I spin around to face her. 'I can't leave my pants here for two days. What am I supposed to wear back to work?'

She shrugs, turns away and sits down at her sewing machine, apparently unaware that I am continuing to exist as a potential customer, or even just a fellow human being.

How does this woman still have a business?

'Can you do a patch-up job while I wait?'

She doesn't look up. 'Yes. Fifteen minutes. Sixty dollars.'

'What?! It's thirty-five for the full repair.'

She shrugs again.

She's an extortionist. A criminal mastermind. That's how she still has a business.

I take my pants off and hand them to her from behind the curtain. In exchange, she gives me a pair of purple tracksuit pants that, from the size of the waistline, may or may not have belonged to Shrek. 'Put these on. Wait out here.'

Is this a joke?

'Why can't I just stay behind the curtain?'

'It's a change room. Customers need it to change.'

The pants are so enormous I feel like I'm on the starting line of a potato sack race.

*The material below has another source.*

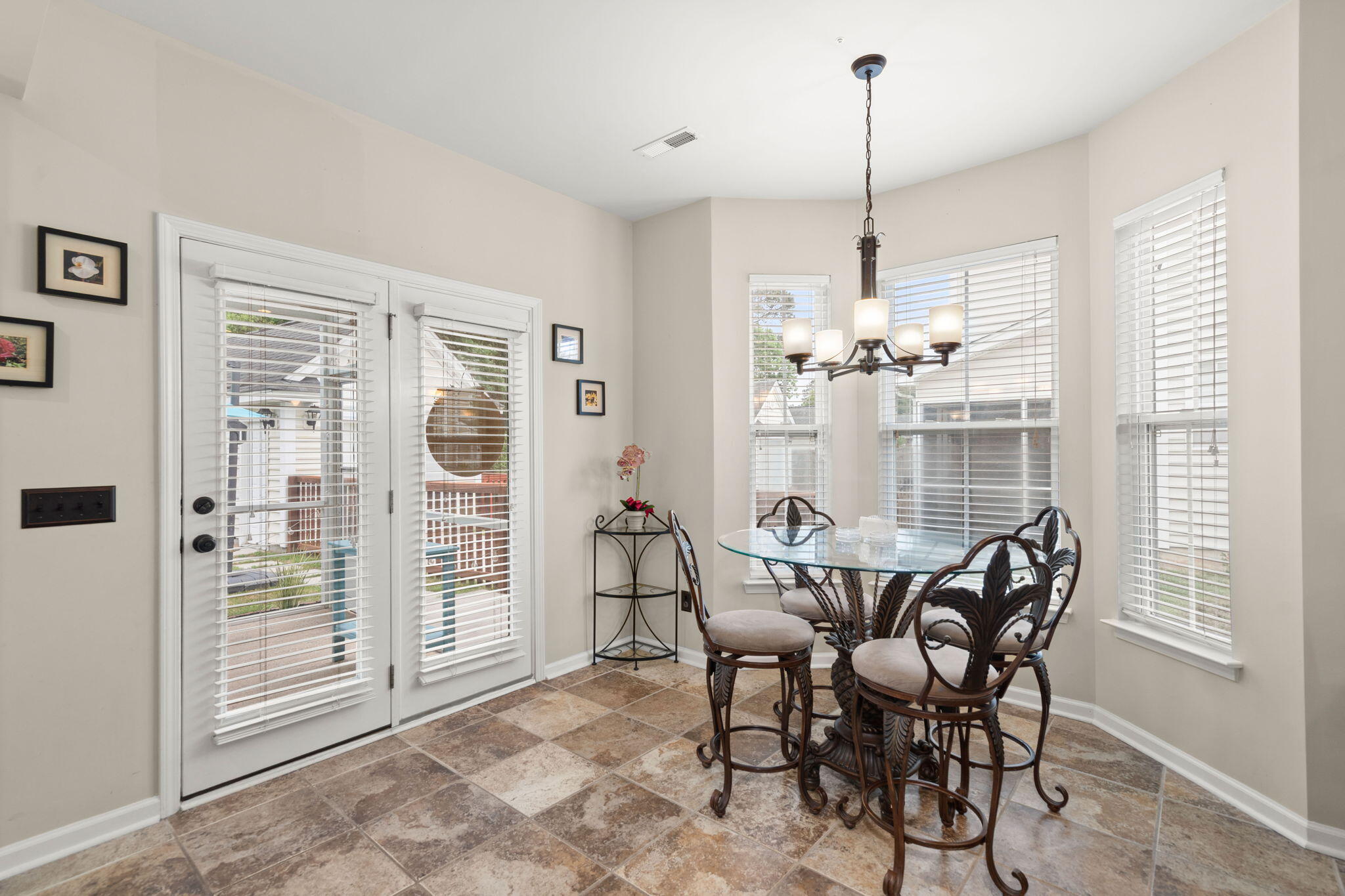 189 Avonshire Drive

Trying to ignore the fact I'm wearing communal clothing (two words that should never be uttered together), I lean on the counter like I'm at a hipster bar, effecting a bored, do this all the time kind of look in case I see anybody I know.

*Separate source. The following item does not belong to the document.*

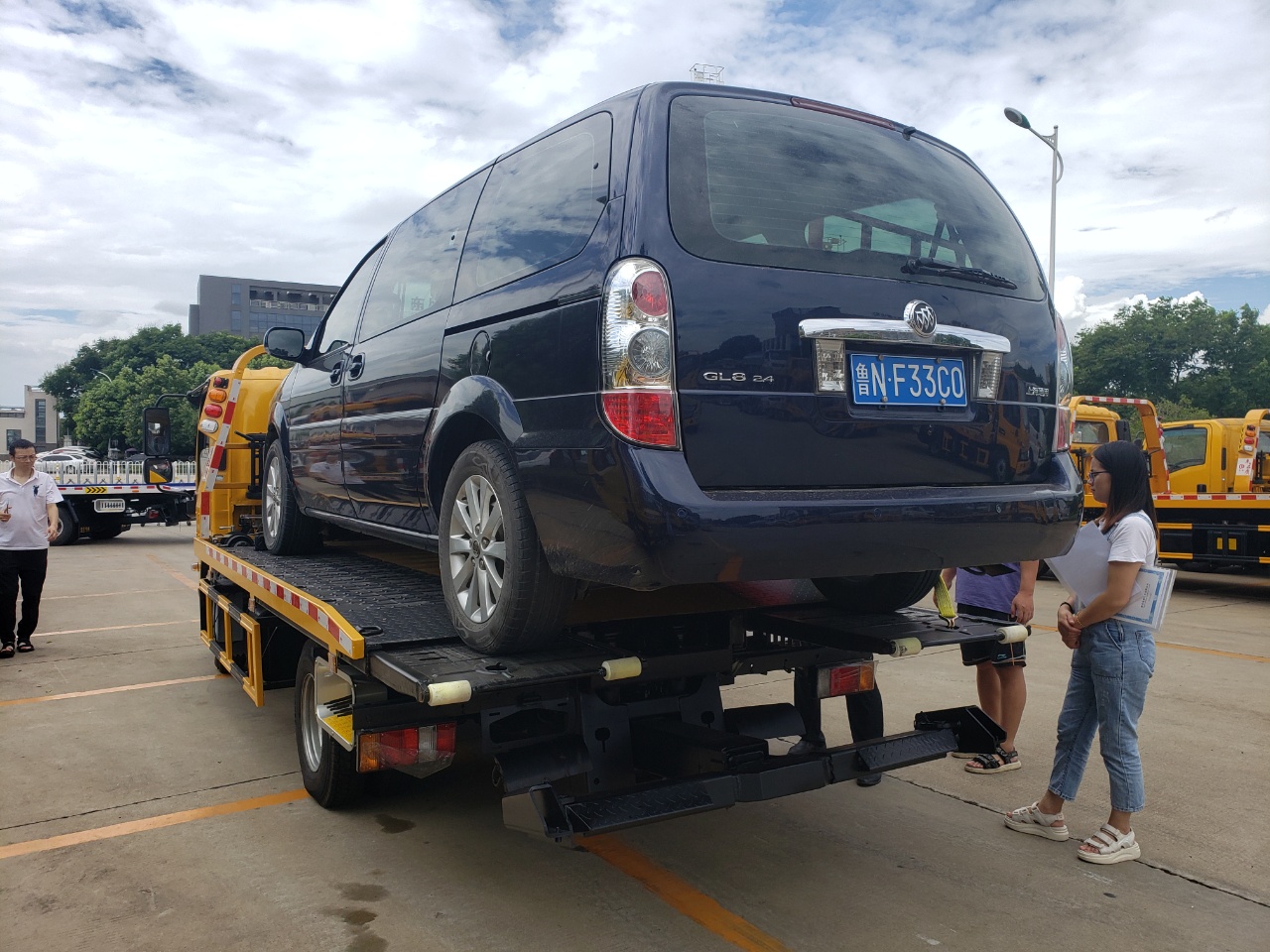 國(guó)六慶鈴五十鈴寬體駕駛室藍(lán)牌一拖二清障車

And, because the universe hates my guts, Jennifer from Finance walks straight towards me. Now, I don't really mind looking stupid in front of most people; if I did, I'd do quite a lot of minding. But Jennifer from Finance is an exception. Smart, funny, and just a little bit terrifying, she's the reason I learned how to format an Excel spreadsheet. If Billy Joel was here, he'd write a song about her. And I'd play it on repeat for the rest of my life.

'Barney, what are you doing?' Her concern, though mingled with horror, fills me with the hope of salvation.

'I split my pants.'

She throws her hand to her mouth and I wait for the inevitable, mocking laughter. 'Oh, you poor thing,' she says.

Hang on a minute.

'Is there anything I can do to help?'

'Ask Danny Ocean over there to go easy on me.'

Jennifer laughs.

A genuine laugh! To an obscure and not particularly relevant Ocean's 11 reference!

'Fair to say you're about to get stitched up,' she says.

Amazing! We're a bona fide comedy duo!

I continue the routine. 'True, but I do get to model the latest fashion from Big Man's Pants 1987 collection.'

Jennifer laughs again, which makes this the greatest lunch break of my life.

When Mrs Constantinides' shakedown is complete, Jennifer and I walk back to work together, and I try out one of my latest Excel gags: 'I know why they call them cells. Those spreadsheets are always taking me prisoner!'

In the lift, Jennifer drops her security pass. I forget everything that has happened in the past thirty-seven minutes and bend down to pick it up. This time I hear the sound. Very clearly.

I long for alien abduction.

Instead, I feel Jennifer's hand on my shoulder. 'I'll tell Margaret you felt sick,' she says. Her lie is the stuff of love songs and dedications. Billy Joel rides with me all the way home.